CALL FOR PAPERS: What do we lose when we lose a library? A conference about the future challenges of libraries, KU Leuven, University Hall & University Library, 9 – 11 September 2015. A collaboration of the University of Leuven, Goethe-Institut Brüssel & British Council Brussels.
100 years ago, during the Great War, in the night of 25-26 August 1914, soldiers set the fourteenth-century University Hall and its eighteenth-century library wing of the University of Leuven (Belgium) ablaze. This was part of The Sack of Louvain, which made a tremendous impression on international public opinion. There was no hesitation in denouncing this act with powerful words and historical comparisons. The plundering of Leuven could clearly be compared with the sacking of Rome in 1527 and the Leuven Library fire with that of Alexandria.
To commemorate the centenary of the destruction of the Library in 1914, the Goethe-Institut Brüssel, the British Council Brussels and the University of Leuven (KU Leuven) are organising a three day international conference on the challenging topic: What do we lose when we lose a library?

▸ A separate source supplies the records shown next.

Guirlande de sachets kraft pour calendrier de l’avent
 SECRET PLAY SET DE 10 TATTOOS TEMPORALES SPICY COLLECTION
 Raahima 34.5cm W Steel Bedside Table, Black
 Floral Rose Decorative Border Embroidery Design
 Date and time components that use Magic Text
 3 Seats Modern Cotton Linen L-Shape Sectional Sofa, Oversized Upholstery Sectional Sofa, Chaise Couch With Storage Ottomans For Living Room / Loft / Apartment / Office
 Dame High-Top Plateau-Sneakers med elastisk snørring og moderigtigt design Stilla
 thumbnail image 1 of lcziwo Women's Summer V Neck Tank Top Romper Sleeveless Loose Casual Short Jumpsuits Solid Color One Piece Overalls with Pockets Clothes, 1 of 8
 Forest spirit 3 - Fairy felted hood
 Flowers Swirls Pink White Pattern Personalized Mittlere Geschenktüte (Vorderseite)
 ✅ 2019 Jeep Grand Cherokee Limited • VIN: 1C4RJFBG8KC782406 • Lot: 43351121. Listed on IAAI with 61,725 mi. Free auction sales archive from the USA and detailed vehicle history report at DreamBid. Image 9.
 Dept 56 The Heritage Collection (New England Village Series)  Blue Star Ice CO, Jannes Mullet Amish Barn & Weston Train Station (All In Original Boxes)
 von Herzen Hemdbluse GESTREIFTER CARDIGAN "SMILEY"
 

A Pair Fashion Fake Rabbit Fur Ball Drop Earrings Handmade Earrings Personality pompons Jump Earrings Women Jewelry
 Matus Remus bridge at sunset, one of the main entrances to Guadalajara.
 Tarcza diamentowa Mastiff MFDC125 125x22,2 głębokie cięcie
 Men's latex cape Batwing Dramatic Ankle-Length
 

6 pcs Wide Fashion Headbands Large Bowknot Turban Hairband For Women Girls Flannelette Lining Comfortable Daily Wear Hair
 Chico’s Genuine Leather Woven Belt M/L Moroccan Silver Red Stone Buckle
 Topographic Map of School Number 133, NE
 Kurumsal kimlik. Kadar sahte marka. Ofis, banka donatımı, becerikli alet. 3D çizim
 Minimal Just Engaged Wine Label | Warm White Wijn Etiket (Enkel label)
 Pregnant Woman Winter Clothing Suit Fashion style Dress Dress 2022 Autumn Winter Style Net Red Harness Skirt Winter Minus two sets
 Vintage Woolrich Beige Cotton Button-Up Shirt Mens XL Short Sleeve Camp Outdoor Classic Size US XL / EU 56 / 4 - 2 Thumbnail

The fragility of libraries in their material and digital dimension remains, 100 years after the fire, one of the greatest challenges for the transmission of human knowledge. The two conference themes Library & Heritage and Library & Digital Challenge will shed light on the vision and approach to the past and the future of libraries.
Repositories with books and data files all over the world are developing strategies and generating research to pass on library and archival materials. The three day conference in Leuven aims to create a platform for cutting edge research and disseminations of ideas in the field of library, information and knowledge preservation. Moreover, it aims to reflect on the importance and the value of the ‘library’ as an institution guaranteeing transmission of knowledge to the next generations.
Scholars in the field of history, library science, information science, digital humanities, cultural and conservation disciplines are invited to submit an abstract. The conference is addressed to scholars as pioneers of organising cultural memory through expertise and knowledge. The aim is to raise worldwide public consciousness of the important task of sharing collective and cultural memory, and to raise awareness of the challenges libraries face in performing this task.
Deadline abstract submission: 2 March 2015.